Tutorial

How to Ground LLM Brand Research with Live Data

Fix LLM brand research inaccuracy by grounding with live search data. Get accurate company info, pricing, and market position from 6 platforms.

LLMs hallucinate brand information constantly. They invent product features, cite wrong pricing, and confuse competitors. Grounding brand research with live search data fixes this by giving the LLM verified facts to work with. This tutorial builds a brand research pipeline that searches Google for company info, Amazon for product data, Reddit for community sentiment, and YouTube for content presence, all through the Scavio API at $0.005 per search.

Prerequisites

  • Python 3.9+ installed
  • requests library installed
  • A Scavio API key from scavio.dev
  • An LLM API key (OpenAI, Anthropic, or local Ollama)

Walkthrough

Step 1: Build the brand data collection pipeline

Search multiple platforms to collect verified brand data. Each platform provides a different perspective: Google for official info, Amazon for products, Reddit for reputation.

Python
import os, requests, time

SCAVIO_KEY = os.environ['SCAVIO_API_KEY']
URL = 'https://api.scavio.dev/api/v1/search'
H = {'x-api-key': SCAVIO_KEY, 'Content-Type': 'application/json'}

def research_brand(brand: str) -> dict:
    data = {'brand': brand, 'sources': {}}
    # Google: official info, knowledge graph
    resp = requests.post(URL, headers=H,
        json={'query': f'{brand} company', 'country_code': 'us', 'num_results': 5})
    result = resp.json()
    data['sources']['google'] = {
        'knowledge_graph': result.get('knowledge_graph', {}),
        'top_results': [{'title': r['title'], 'snippet': r.get('snippet', ''),
                        'url': r['link']} for r in result.get('organic_results', [])[:3]],
    }
    time.sleep(0.3)
    # Amazon: product presence
    resp = requests.post(URL, headers=H,
        json={'query': f'site:amazon.com {brand}', 'country_code': 'us', 'num_results': 5})
    data['sources']['amazon'] = [{'title': r['title'], 'url': r['link']}
        for r in resp.json().get('organic_results', [])]
    time.sleep(0.3)
    # Reddit: community sentiment
    resp = requests.post(URL, headers=H,
        json={'query': f'site:reddit.com {brand} review', 'country_code': 'us', 'num_results': 5})
    data['sources']['reddit'] = [{'title': r['title'], 'snippet': r.get('snippet', ''),
        'url': r['link']} for r in resp.json().get('organic_results', [])]
    return data

brand_data = research_brand('Notion')
kg = brand_data['sources']['google']['knowledge_graph']
print(f'Brand: {brand_data["brand"]}')
print(f'Description: {kg.get("description", "N/A")}')
print(f'Amazon products: {len(brand_data["sources"]["amazon"])}')
print(f'Reddit discussions: {len(brand_data["sources"]["reddit"])}')

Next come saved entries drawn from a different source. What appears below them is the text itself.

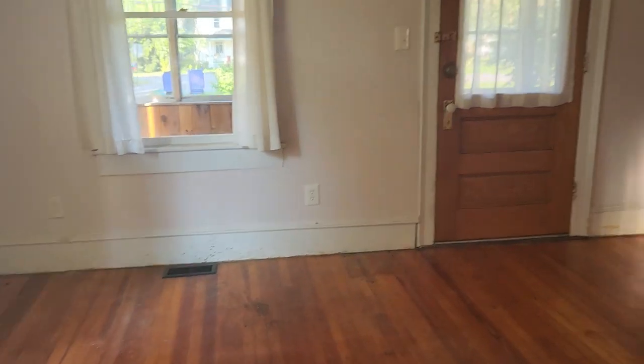I'm in my new house. I'm so excited. I got to start cleaning because she's a little old, a little dusty, you know.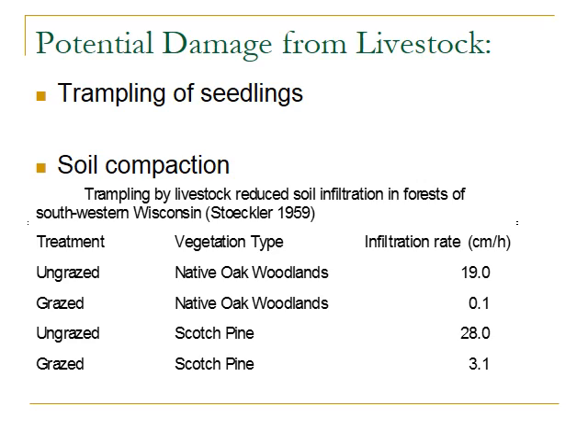However, there are some downsides to using grazing in forest plantations or orchards. One is trampling of seedlings — cattle or sheep aren't trying to trample the seedlings, but as they move through the orchard, they can cause some damage. Soil compaction can also be an issue. Data from Steckler looking at trampling by livestock and its effect on soil infiltration in native oak woodlands and scotch pine in Wisconsin showed that ungrazed sites had much higher infiltration rates than grazed sites. This has to be monitored and managed if grazing is going to be used in plantation settings.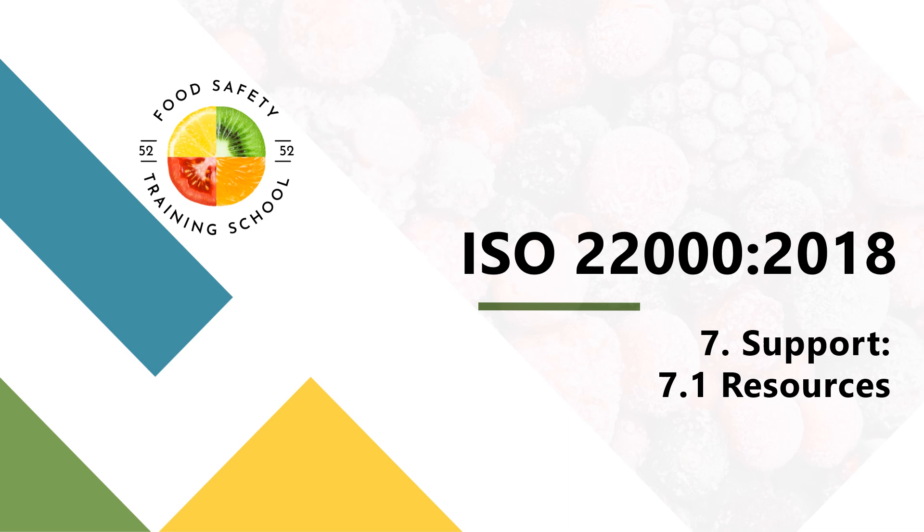Welcome back to our channel where we discuss everything about food safety in ISO 22000. Today we're exploring Clause 7.1 of ISO 22000, titled Support. This clause plays a vital role in ensuring that your food safety management system, or FSMS, operates effectively and is continually improved. We'll cover its key requirements, its importance, and tools you can use to comply.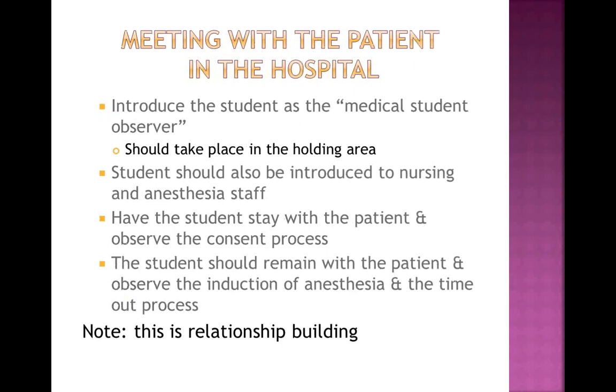Let me walk you through what has proven to be successful for the in-hospital experience. We gather at the bedside of the patient in the holding area — that's your first opportunity to introduce your medical student as your medical student observer, introduce them to the nursing and anesthesia staff, and have the student stay with the patient. Even if you're going to go get a cup of coffee while the patient rolls in, have the student stay with the patient, observe the induction of anesthesia, observe the time-out process, and meet the circulating nurse.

Step 2: Format brand data as LLM context

Structure the collected data into a format the LLM can use effectively. Include source URLs so the LLM can cite its sources.

Python
def format_brand_context(data: dict) -> str:
    lines = [f'Verified brand research data for: {data["brand"]}', '']
    # Knowledge graph data
    kg = data['sources']['google'].get('knowledge_graph', {})
    if kg:
        lines.append('OFFICIAL INFO (Google Knowledge Graph):')
        if kg.get('description'):
            lines.append(f'  Description: {kg["description"]}')
        if kg.get('website'):
            lines.append(f'  Website: {kg["website"]}')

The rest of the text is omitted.